Identifying the individual words in a sentence spoken aloud
Identifying and generating rhyming words
Separating and combining words into onset and rime
Separating and blending words into syllables
Phonemic awareness - a category of phonological awareness that is being aware of the individual sounds within words.
‘phon’ = sound ‘ne’ = in/on ‘ic’ = like/of/relating to
Phonemic awareness skills include:
Hearing the word purple and naming the initial sound - /p/
Hearing the word cat and segmenting it into these three sounds: /c/ /a/ /t/
Hearing the word ran, substituting the /p/ sound for the /r/ sound to get pan
Phonics - systematic instruction that involves teaching children the sound to symbol correspondence to help them read, write, and spell.
Grapheme-phoneme correspondences - aka 'letter-sound correspondences' are the relationship between letters (graphemes) and the sounds (phonemes) they represent.
Morphemes - smallest unit of meaning in language.
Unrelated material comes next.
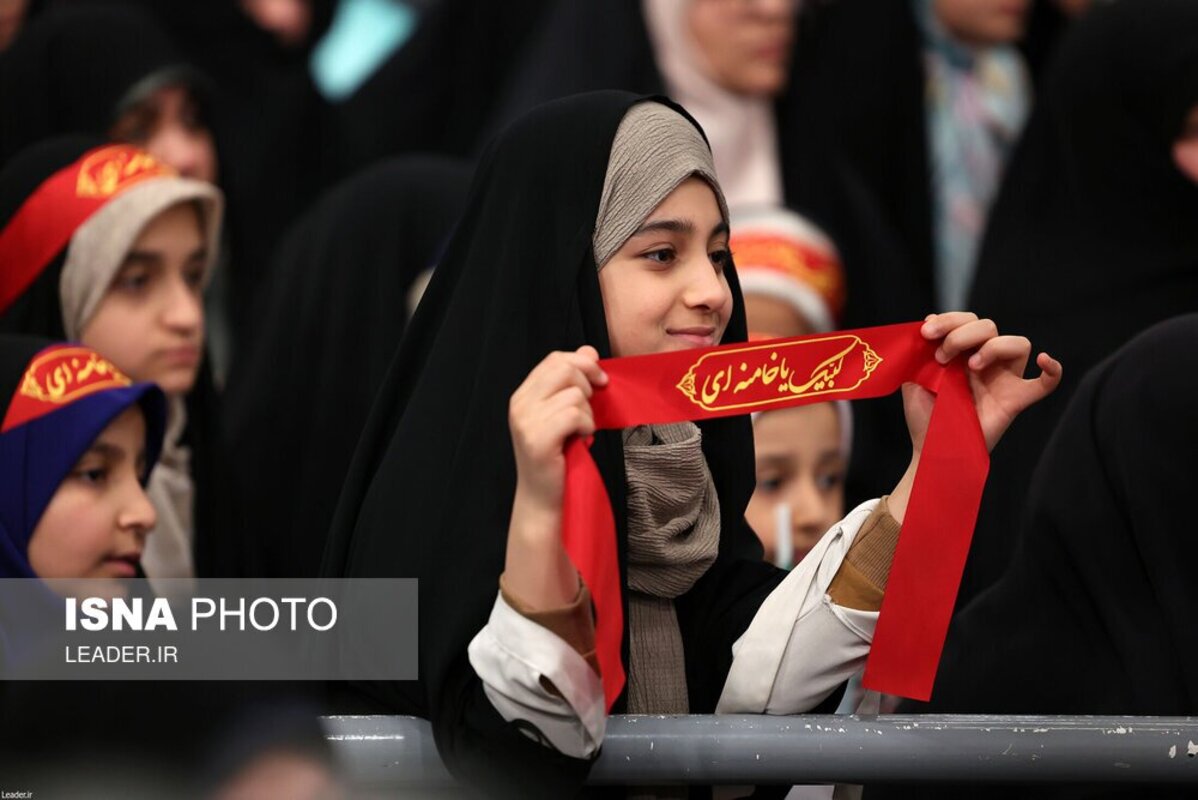 دیدار مردم قم با رهبر انقلاب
For example, the word ‘dog’ is one morpheme and ‘dogs’ is two morphemes (the ‘s’ indicates there is more than one).
‘morph’ = shape/form ‘eme’ = unit
Morphology - the study of the internal structure of words.
‘morph’ = shape/form ‘ology’ = the study of something
Orthography - the correct spelling of words.
‘ortho’ = correct/straight ‘graph’ = writing ‘y’ = full of
Orthographic mapping - the mental process we use to store words for automatic retrieval; it involves the formation of letter-sound connections to bond the spellings, pronunciations, and meanings of specific words in memory. It explains how children learn to read words by sight, to spell words from memory, and to acquire vocabulary words from print.
Decoding - when you translate printed letters or words into sounds to read.
Encoding - when you translate spoken words or phonemes into sounds to spell.
Remember:
Phonics work incorporates written letters. Phonological awareness and phonemic awareness only deal with sounds.
* It is important to remember that letters do not ‘make’ sounds, people ‘make’ the sounds while letters are symbols that represent a sound. Avoid saying that letters make sounds.
Other Important Terms:
Schwa - the most common vowel sound, an unstressed vowel that sounds like /ih/ or /uh/.
*Blends - aka ‘consonant clusters’ are two or more consonants (graphemes) that each have their own individual sound (phoneme) but are pronounced quickly, so they ‘blend’ together.
Digraph - two letters (graphemes) that represent one sound (phoneme). There can be vowel digraphs (two vowels) or consonant digraphs (two consonants).
A split digraph is when a vowel digraph is split by a consonant (a_e, e_e, i_e, o_e and u_e), for example; cake, bike, hope, eve, and cute.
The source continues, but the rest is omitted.